This exercise calls for the records to be returned exactly, with images removed.

_ _ _ _ _ _ _

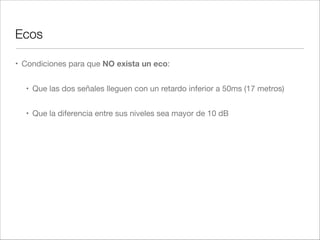 Berliner Philarmonie
(Berlín)
 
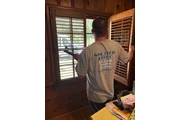 Instalación Shutters y Blinds thumbnail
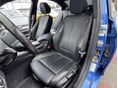 BMW 330 2018/8 - 15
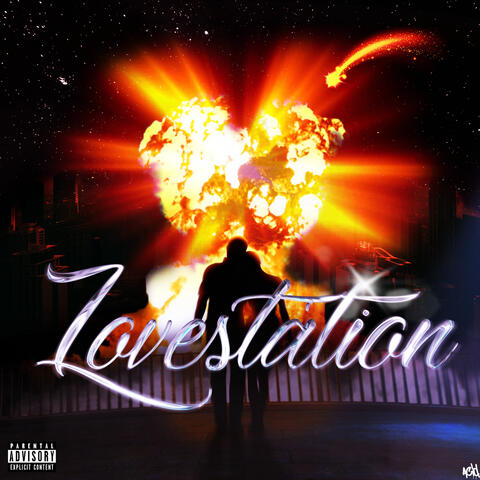 Lovestation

_ _ _ _ _ _ _

Answer section:
 Berliner Philarmonie
(Berlín)
 
 Instalación Shutters y Blinds thumbnail
 BMW 330 2018/8 - 15
 Lovestation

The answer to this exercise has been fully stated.